C’est du moins l’opinion de l’ancien directeur général des Otters d’Érié, Sherry Bassin, qui a repêché l’attaquant dans la Ligue junior de l’Ontario.

À 24 ans, le numéro 97 des Oilers d'Edmonton arrive à ses meilleures années de hockeyeur aux dires de celui s’étant lié d’amitié avec lui. Pourtant, les succès du premier choix de l’encan de la LNH en 2015 sont déjà bien documentés. Il se dirige allègrement vers le troisième trophée Art-Ross de sa carrière et compte aussi dans sa maison le trophée Hart.

«Lorsqu’il avait 20 ans, j’avais accordé une entrevue en disant : attendez de voir quand il aura 24 ans. Regardez jusqu’au jour où il sera vraiment un homme. À partir de là, attention, a mentionné Bassin au quotidien Toronto Sun. Il travaille tellement fort sur son jeu. C’est une question de volonté. Tout le monde parle du désir de gagner. Ici, je parle du désir de se préparer à gagner. Il est comme un chirurgien qui passe 16 heures par jour à l’hôpital. Nous voyons seulement le début.»

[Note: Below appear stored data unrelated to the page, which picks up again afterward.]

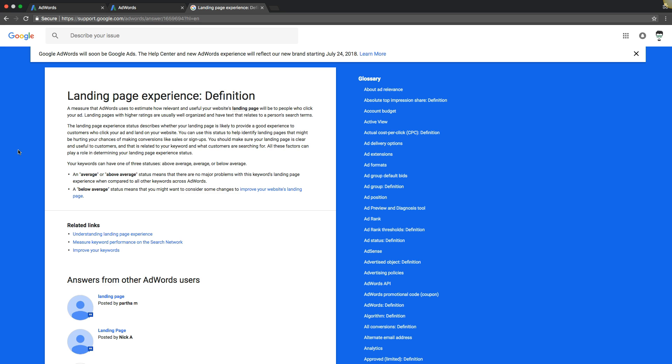Google's definition for landing page experience: a measure that AdWords uses to estimate how relevant and useful your website's landing page will be to people who click your ad. Landing pages with higher ratings are usually well organized, they have text that relates to a person's search terms. All right, so that's Google's definition. Basically it's all about relevancy.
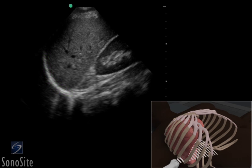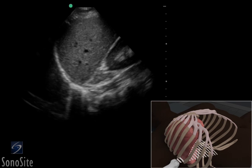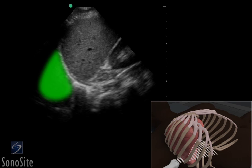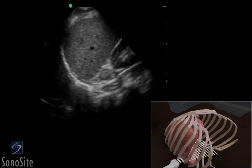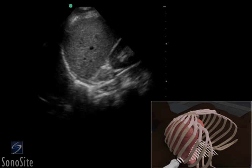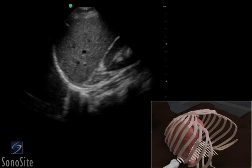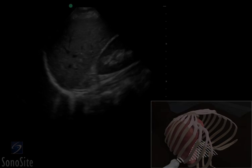In a normal patient, a mirror image artifact of the liver or spleen will appear above the diaphragm.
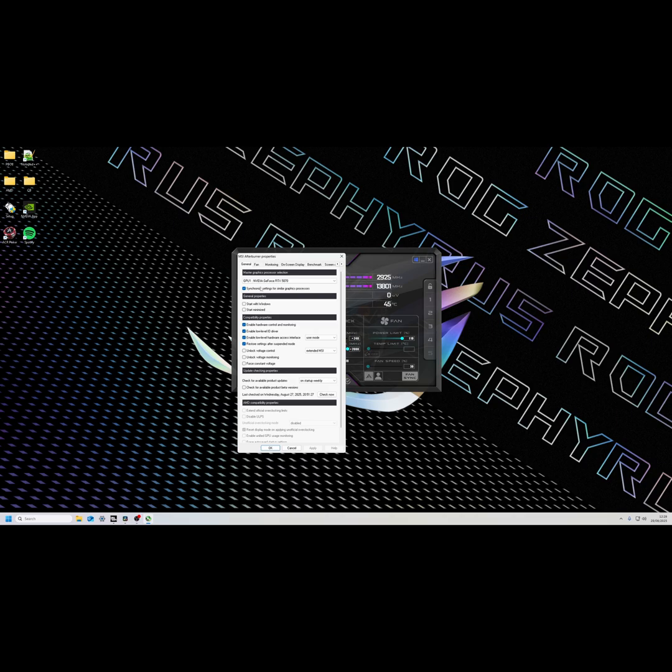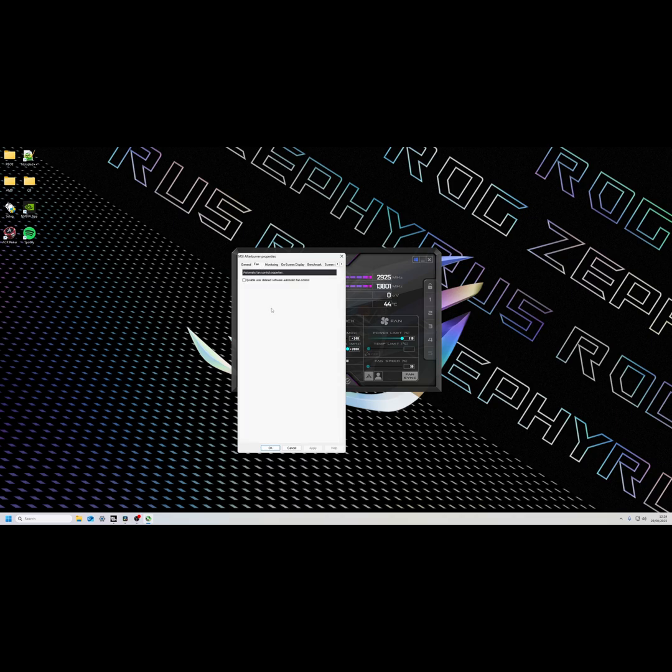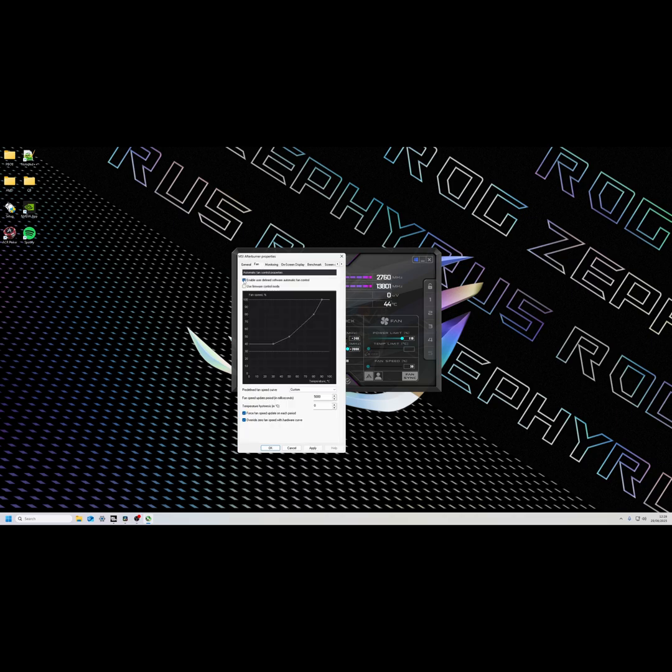Click on this little set button, make sure the fan curve is set.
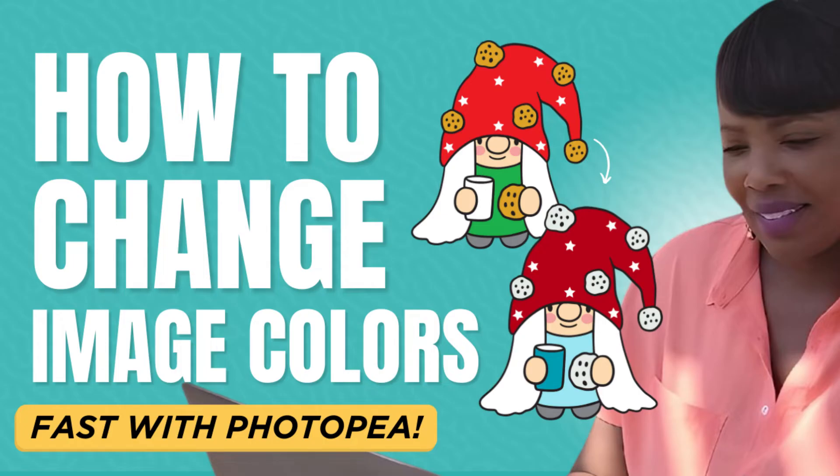Hey there guys, it's Kim George here from Your Chic Geek and I want to welcome you to a brand spanking new video. So in today's video I'm going to be showing you how to change the colors of an image using Photopea.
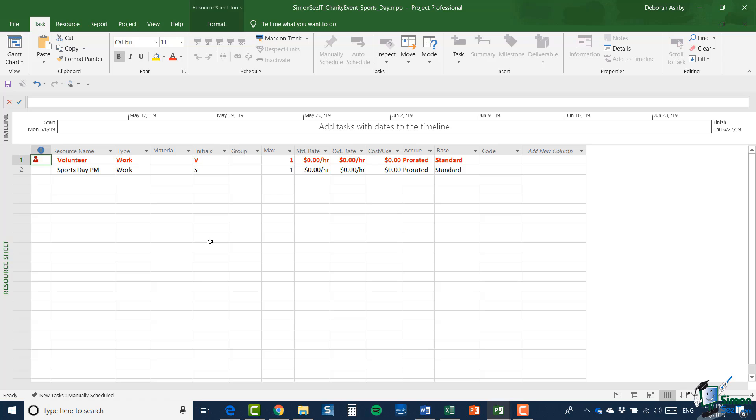And so you can see, for example, here, one consequence of that is that the volunteer resource already seems to be over allocated because when it creates the resource sheet, it defaults to creating a max of one resource. And if we looked at the resources already allocated in the original project, we would see that within the sports day and barbecue summary task, we already have more than one volunteer assigned to tasks.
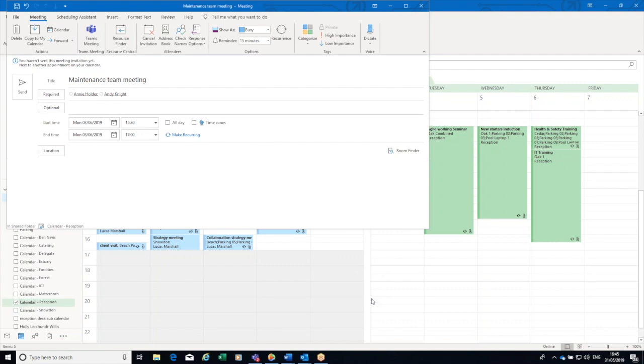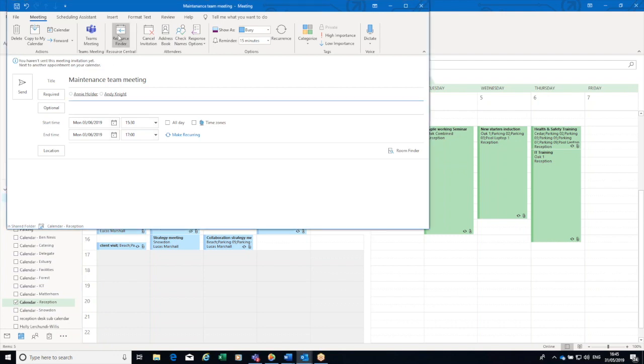So here's my meeting. I want to meet on Monday afternoon. It's a maintenance team meeting. Here are the people who are coming to the meeting, so I can now go through and select a room.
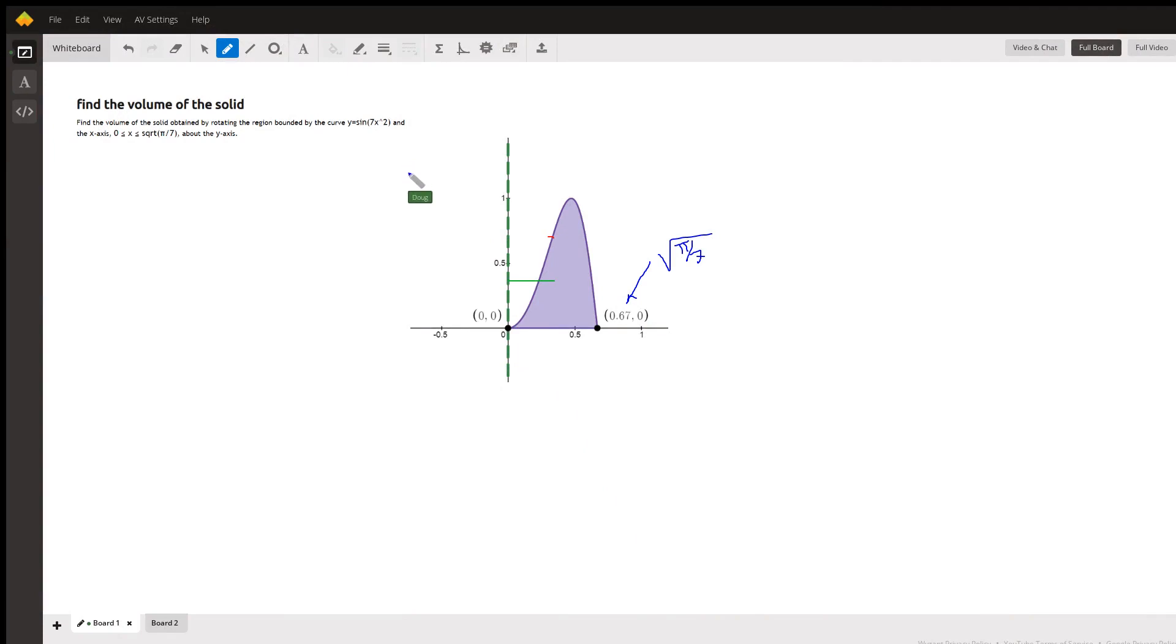F of y equals the sine of 7x squared from 0 to the square root of pi over 7, which is about 0.67.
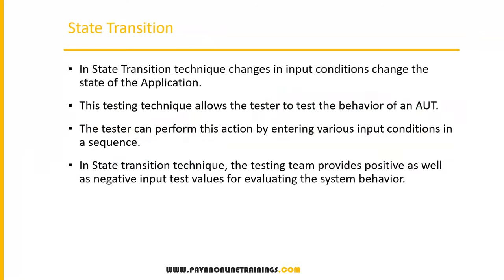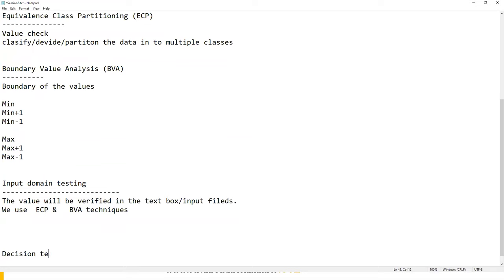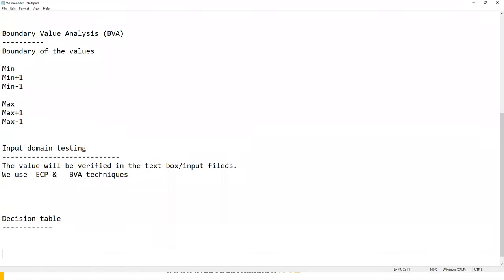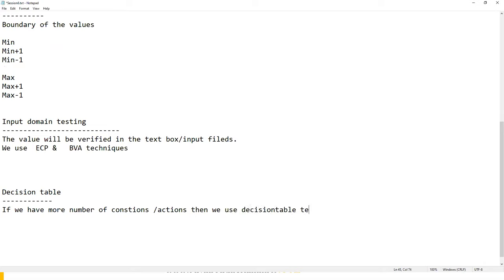Use the decision table technique when you have more number of conditions and corresponding actions. In interviews, be ready to explain with an example by drawing the table and walking through the conditions, actions, and test case columns.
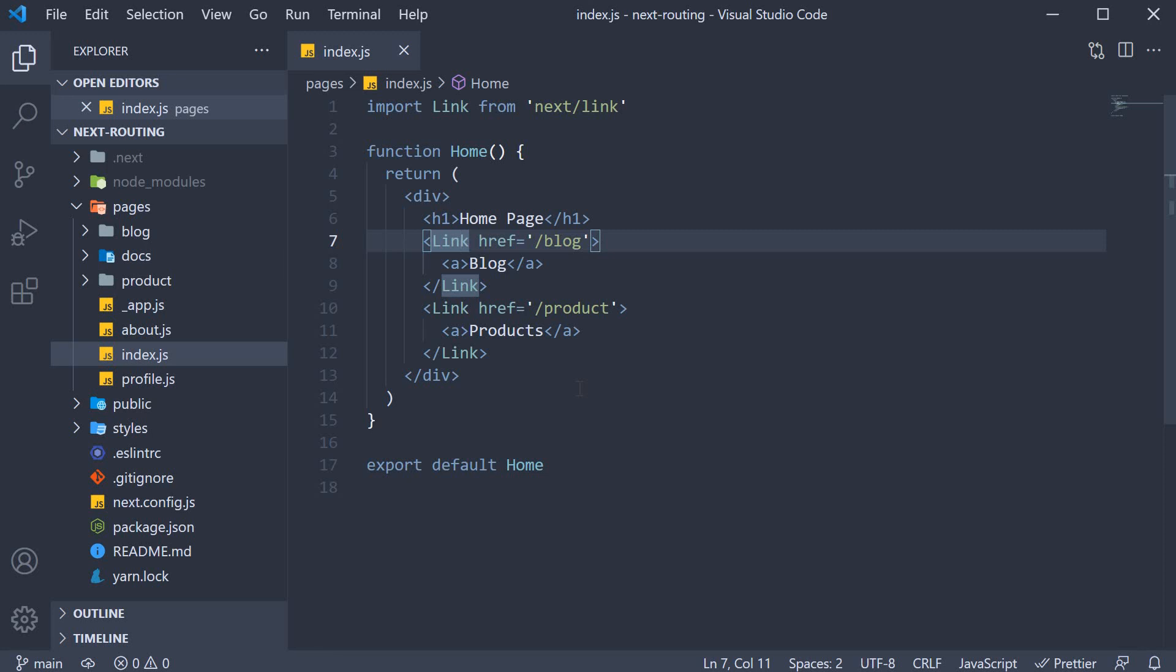For example, let's say you are placing an order on Amazon. If the form submission is successful, you would be navigated to the order confirmation page.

Ayant travaillé aux côtés du joueur surdoué dans les dernières années, Matt Nichol, un ancien responsable du conditionnement physique chez les Maple Leafs de Toronto, corrobore les propos de Bassin.

«Il est probablement à quelques années d’atteindre son sommet, ce qui est franchement épeurant. Les niveaux maximaux de force, lorsque les gars en question sont à leur meilleur et qu’ils ne sont pas associés au hockey, ne sont pas ainsi chez les hommes à la mi-vingtaine. Donc, il a encore beaucoup de chemin à parcourir. Pour ce qui est de la vitesse, il en a toujours un peu à gagner. C’est vraiment du gros potentiel.»

Capable de se mesurer à Weber

Pour appuyer ses arguments, Nichol insiste sur la force physique de McDavid, qui est capable de distribuer sa bonne part de mises en échec, peu importe l’opposant.

«Il est exceptionnellement fort. Les gens évoquent tout le temps sa vitesse, ce qu’ils devraient faire car elle est incroyable, mais il y a peu de personnes réalisant que sa puissance est une partie fondamentale de sa rapidité et qu’elle rend possible celle-ci, a-t-il expliqué. Connor n’est pas un gars aux gros muscles, mais il ajoute des niveaux formidables de force à son poids. Il peut soulever une barre d’haltérophilie [NDLR : en anglais, une "Trap Bar Deadlift"] de plus de 500 lb. Pour n’importe qui, c’est très bon, mais pour un gars pesant un peu moins de 200 lb, c’est encore plus impressionnant que si son poids était de 225 lb.»

Sur la glace, cette force permet à McDavid de tenir son bout face aux joueurs les plus forts physiquement. «Il peut désormais frapper Shea Weber et il sera correct», a estimé Nichol.